■ DATA TO EXAMINE ■
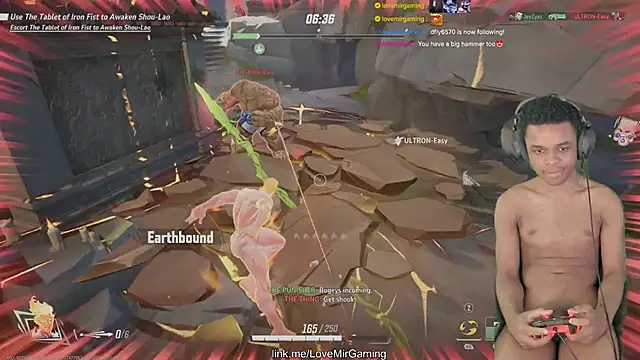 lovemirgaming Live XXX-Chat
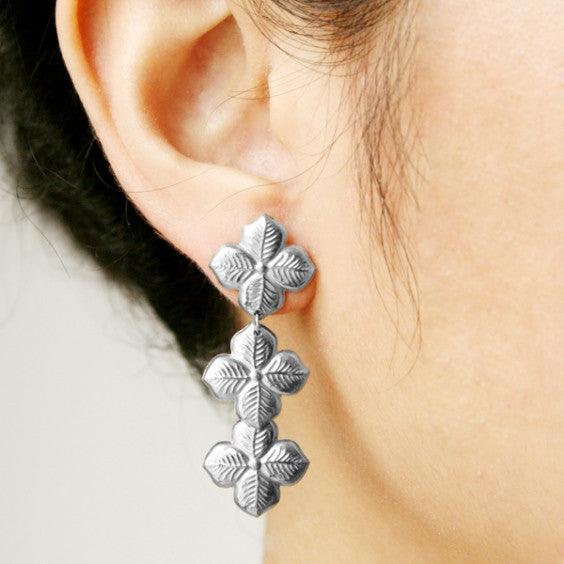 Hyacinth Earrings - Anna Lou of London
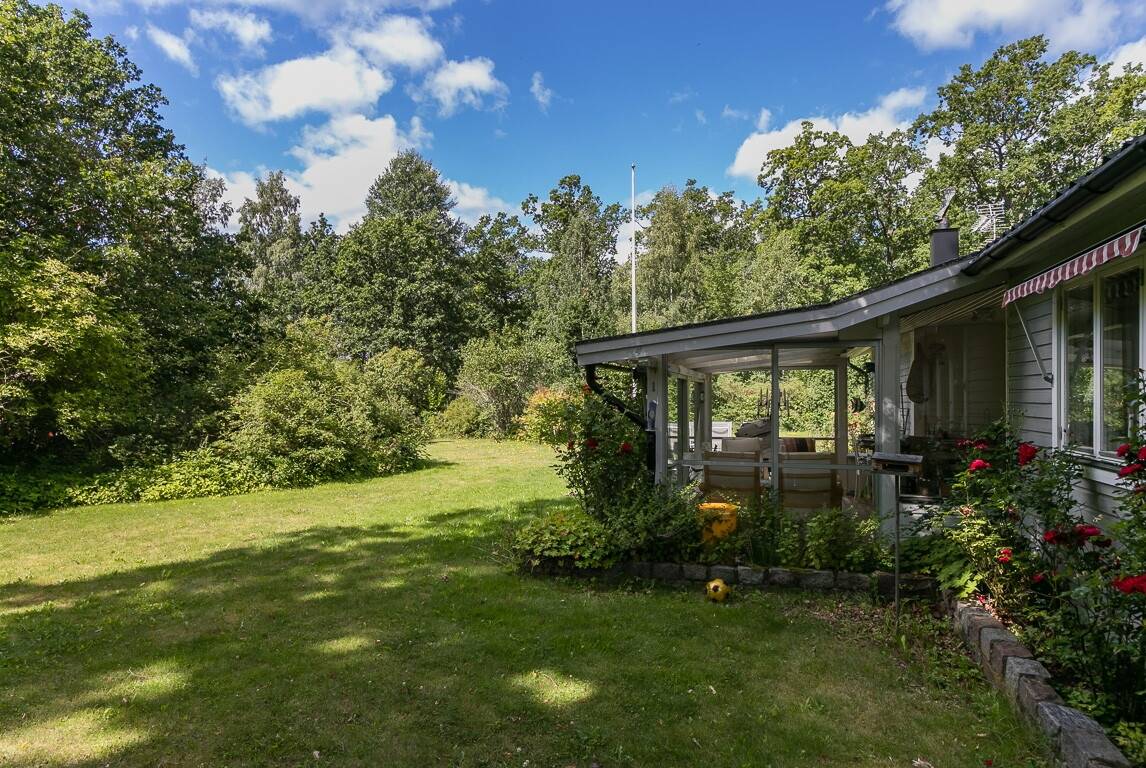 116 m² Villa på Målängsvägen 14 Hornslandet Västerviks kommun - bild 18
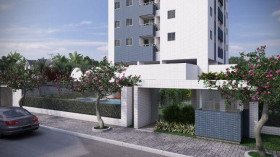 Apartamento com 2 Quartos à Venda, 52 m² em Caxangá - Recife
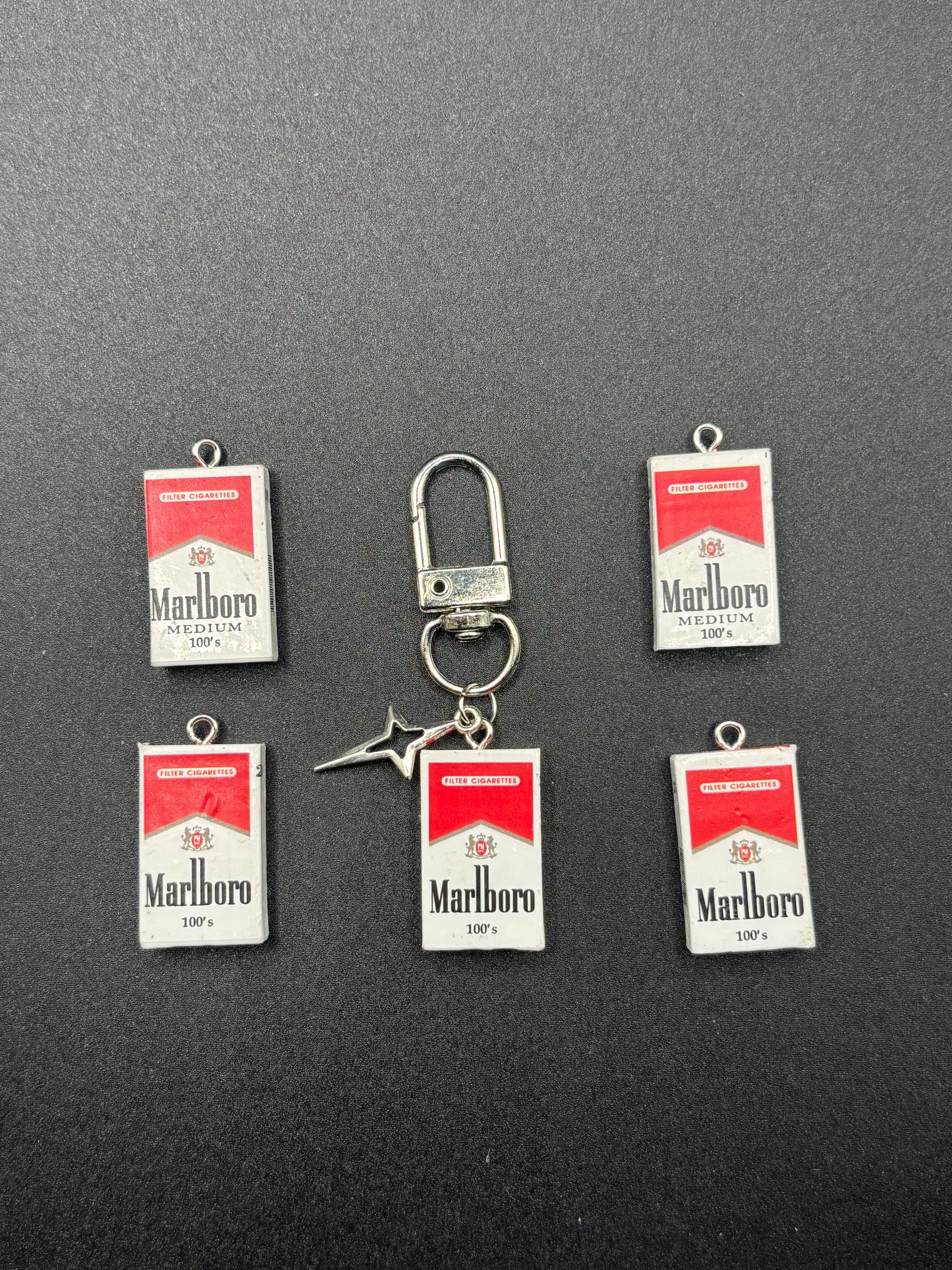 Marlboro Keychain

■ ACTION ITEM ■
Everything in the records except the pictures should be printed again exactly.

■ RESULT FOR THIS TASK ■
 lovemirgaming Live XXX-Chat
 Hyacinth Earrings - Anna Lou of London
 116 m² Villa på Målängsvägen 14 Hornslandet Västerviks kommun - bild 18
 Apartamento com 2 Quartos à Venda, 52 m² em Caxangá - Recife
 Marlboro Keychain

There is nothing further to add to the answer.